Spor gazeteciliğinin bittiği tarihtir o!

Hiç bir zaman, mesleğimin ustalarını, onların kalem ustalığını unutmadım...
Asla ihanet içerisinde olmadıklarını, sporun bilimselliğine bağlı kaldıklarını gördüm, yaşadım.’¶
Bizlere bu mesleği öğreten insanların, spor gazeteciliği öğretisi olanların gösterdikleri yolda yürümeyi bir ödev edindik; Onların öğretilerini de boynumuzda bir övünç madalyası olarak taşıdık...
Şimdi bana kimse Abdülkadir Yücelman'ın verdiklerini kim verebilir bu meslekte; Kim hangi kalem ustalığıyla anlatır bana Kahraman Babçum'u; Hangi usta Necmi Tanyolaç'ın spor sayfaları ustalığı, müdürlüğü üzerine, kalemine değinir, kelam eder?
Ve hangi ses Halit Kıvanç'ın o Türk dili ustalığıyla ulaşır sporsevere?
Söyler misiniz, hangi ses, hangi yazı, hangi duyarlılık böyle bir iletişimi sağlar?
Yazdığımız her yazı, yaptığımız her hareket, söylediğimiz her söz bir tarihtir bizim...
Suya yazılmamış, kara kalem de olsa sayfaya düşmüş her nokta, tarihsel birikimimizden siz sevgili okura düşmüş notumuzdur; Birikimimizden akan bir damladır...
Kıssadan hisse; Sevgili Suavi Yardımoğlu kardeşim üstat İslam Çupi'yi anmak adına bir yazı yazıp, onun Bab-ı Ali'de plazalara sığmayan, yüreğine oturmuş bır sızı gibi Bab-ı Ali'nin ortasında kalıp gönderdiği bir yazıyı gündeme koymuş...
Saygıyla karşılıyor ve yine İslam Çupi ustamızı saygıyla anıyorıum...
O yazıyı sizlerle aynen paylaişacağım, ancak, bugün spor yazarlığı değerini, spor gazeteciliğinin ödevlerini yerine getirmeye çalışan, getiren, gazetelerinde sigortasız çalıştırılan, sömürülen, haklarını aradıklarında kapı dışarı bırakılan arkadaşlarım adına, belki de Suavi kardeşimin sorgulayamadığı, soramadığı soruları sormak istiyorum...
Basın kartı almaktan mahkum kılınan yasalarla çalıştırılan arkadaşlarımıza sahip çıkmayı, kendilerini çok demokrat, hak savunucusu gören spor sorumlusu, dernek ve cemiyet başkanı arkadaşlarımız ne zaman görev edineceklr ve bu sorunu ne zaman hangi ölçülerde savunacak ve çözmeye çalışacaklardır?
"İslam Çupi'yi anmak" yazısını yazdığında, Sevgili Suavi Yardımoğlu kardeşimin neler duyumsadığını elbet biliyorum.

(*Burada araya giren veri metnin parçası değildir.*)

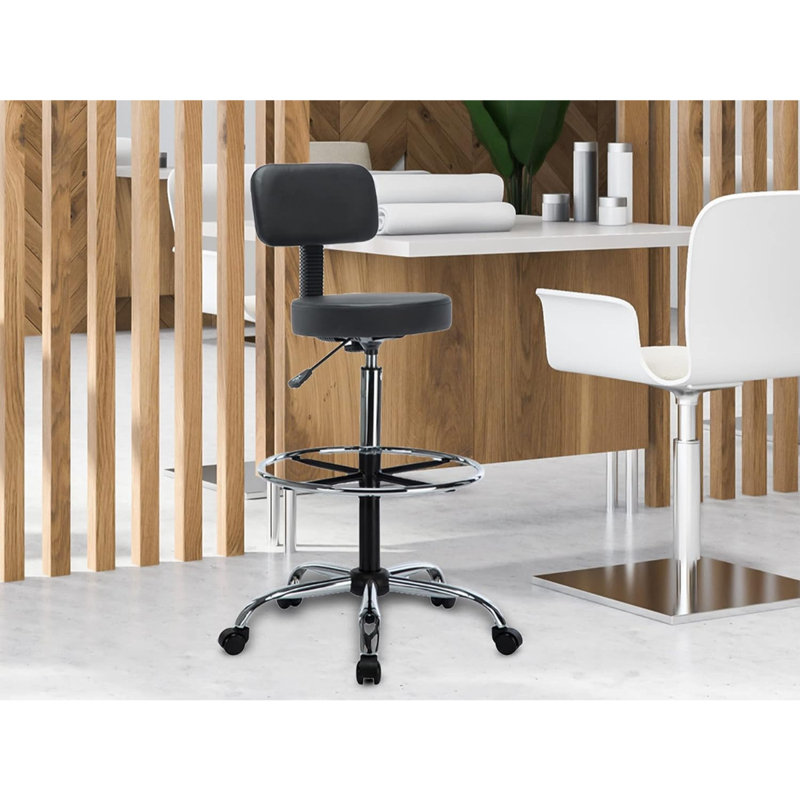 Miyana Comfy Adjustable Drafting Stool with Footrest, Adjustable Height, Black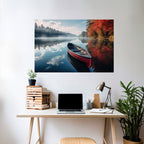 BOAT OF TRANQUILITY Peel and Stick Horizontal Poster
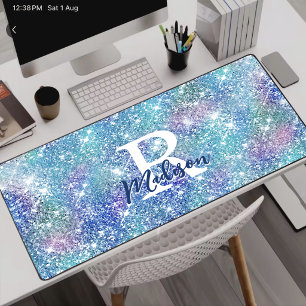 Cute iridescent unicorn blue pink glitter monogram desk mat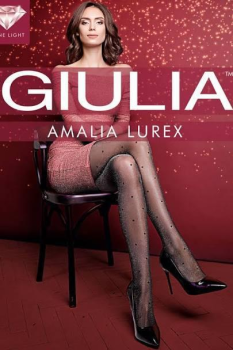 Женские колготки капроновые в горошек с люрексом  Amalia Lurex 20 черные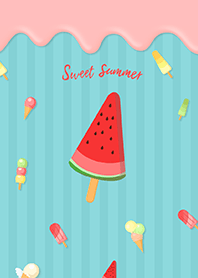 Verão doce, sorvete colorido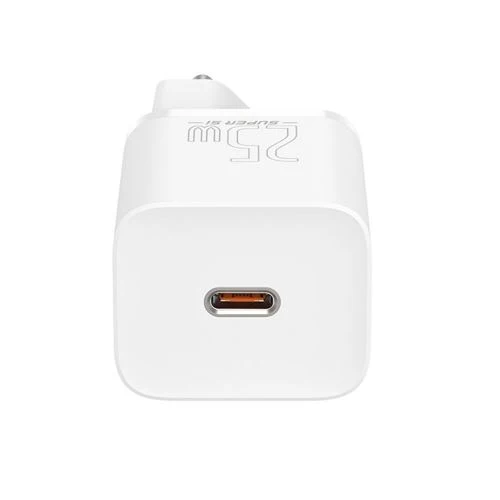 Carregador Rápido USB-C Baseus Super SI 25W + Cabo USB-C 1m - Branco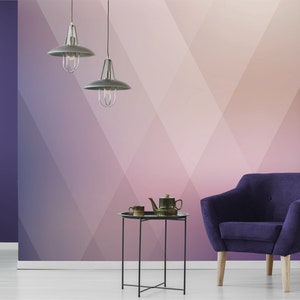 Carta da parati geometrica astratta viola, rosa e arancione / murale autoadesivo, rimovibile, stacca e incolla, decorazione murale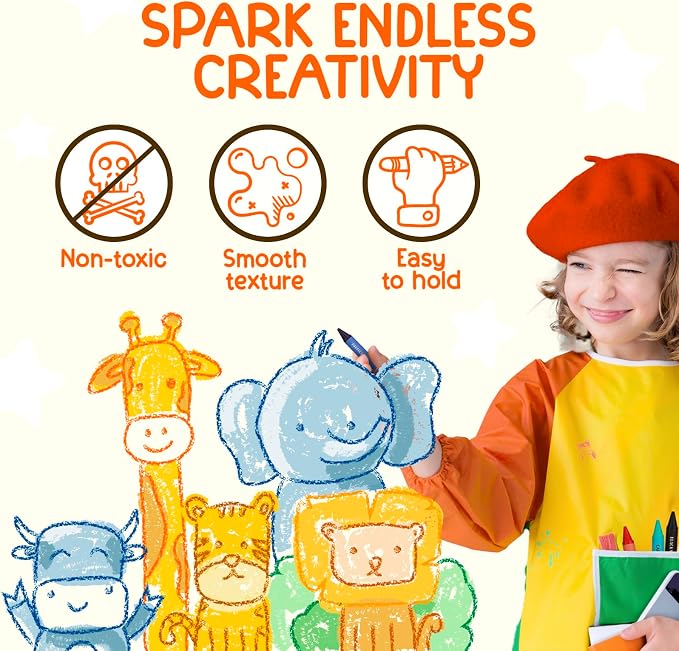 TinyGeeks Jumbo Crayons (18 Colors) – Non-Toxic, Washable Crayons for Toddlers and Kids (Ages 1-8) – Easy-to-Hold - Ideal for Travel, Art, and Learning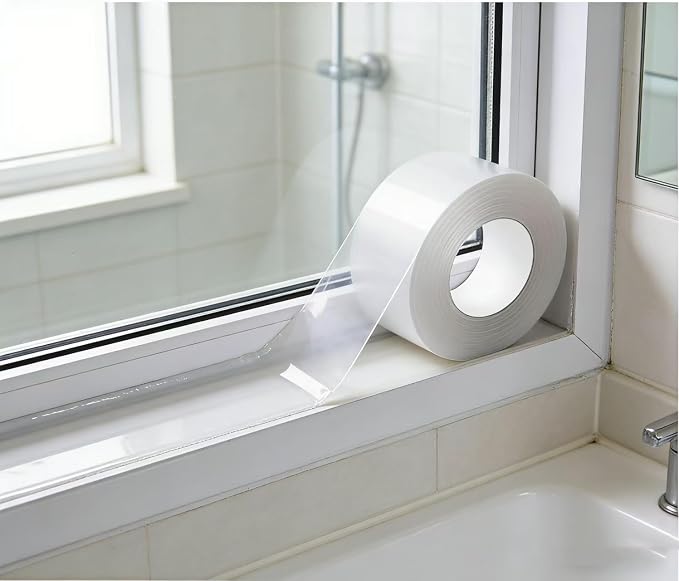 Window Sealing Tape 2 Inch x 33 Ft Transparent Window Insulation Waterproof Nano Draft Isolation Tape Clear Weather Stripping Caulk Tape for Window and Bathroom Shower Glass Side Gaps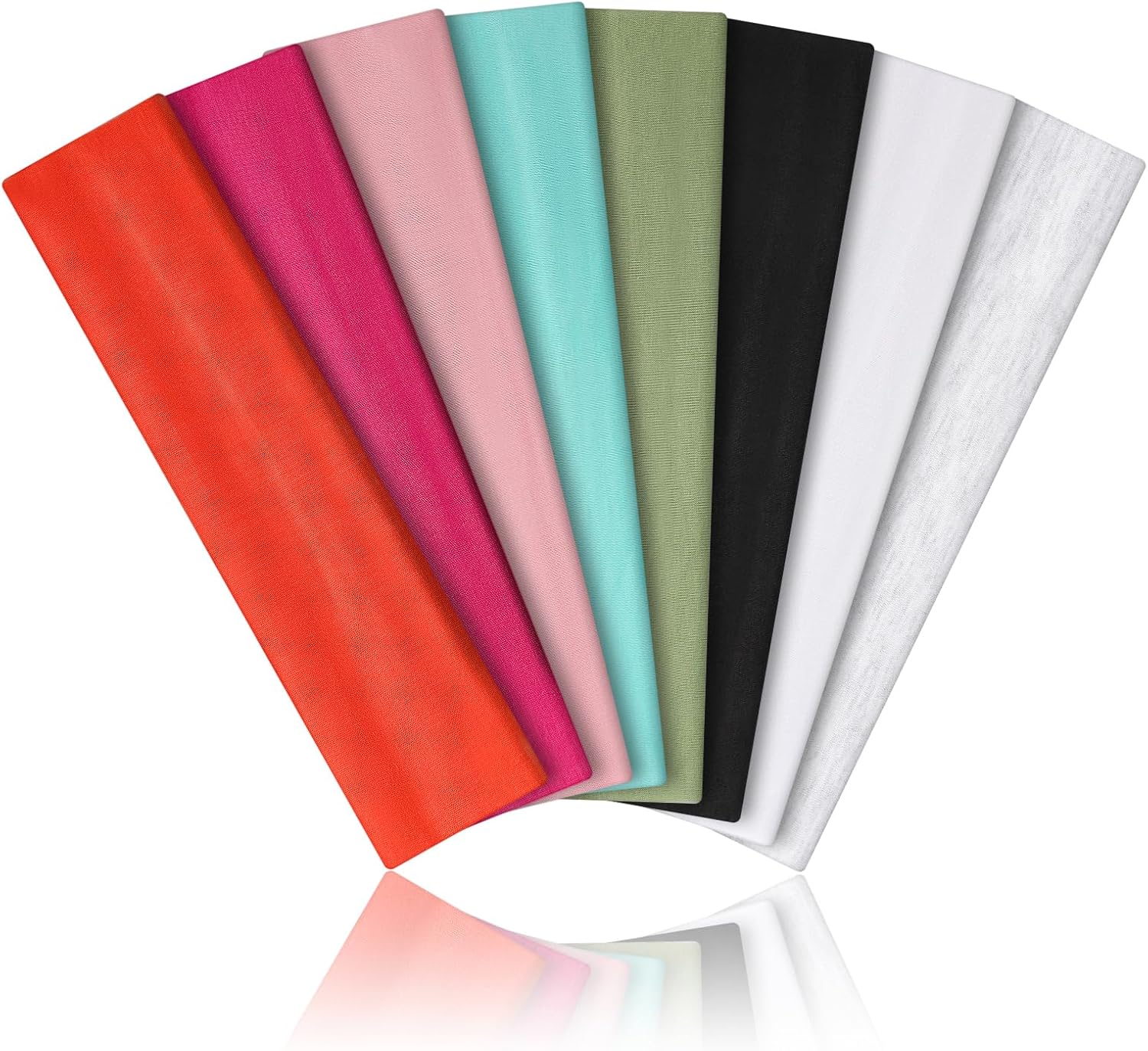 8PCS Soft Elastic Stretch Workout Sports Headbands for Women – Soft Cloth, Sweat-Absorbing, Colourful Athletic Headbands for Girl’s Hair, Ideal for Yoga,Running and Gym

Ancak, bu spor gazetecesi ordusunun içinde hangi yollardan geçildiğinin, hangi engellerin aşılması gerektiğinin de bilincinde olmalıdır diye düşünüyorum... Kaldı ki, kendisi bu yollardan geçmiş en deneyimli kişilerden biri değil midir?
Spor gazetecileri bugün en büyük engelleri olan 212 sayılı Basın Kartı taşıma koşulunu getiren yasanın engeli içerisinde boğuşmakta; Ses sanatçısı, orkestra elemanı, sanatçı ya da benzeri türedilerin işgaliyle boğuşmaktadır...
Yardımoğlu, biliyorum ki bu sorunu İslam Çupi ustayı anarak dile getirmeye çalışmış...
Ustalar bize hep önder oldu...
Oldular da, biz onlara ne kadar örnek olduk?
Biz haklarımızı ne denli savunduk?
Sorun burada...
Spor gazetecilerinin sorunları bugün olduğu gibi yarınlarda da tartışılacak. Biz hep konuşacağız...
Öyleyse İslam Çupi ustaya bir kez daha bakalım...
Bakalım da bir ders daha alalım...
Anlayana!...

"Türk spor basını dün Ümraniye Çakaldağı mezarlığında Namık Sevik'in 14. yıldönümüne gönül ve yürek bastı. Ümraniye Çakaldağı mezarlığı Namık ağabeyi defnettiğimiz ilk gün yani 14 yıl önce böyle değildi. Bir yemyeşil cennet ve göğü bir oksijen deposu idi. Ne etrafta İstanbul'un yükseklerinde yeni yeni dolanan yılankavi otobanlar vardı, ne yeni holding azmanları, ne de üstüne kat be kat çıkılmış apartmanlar... 14 yıl önce bol oksijen alınan ve cirit atılan yeşilliklerde, şimdi kımıldamak için milim yer yok. Ümraniye tüm doğası yeşili ve oksijeni ile kirlenmiş, sıkışmış, o temiz varoş yerine hepimizin bildiği İstanbul'a bırakmış.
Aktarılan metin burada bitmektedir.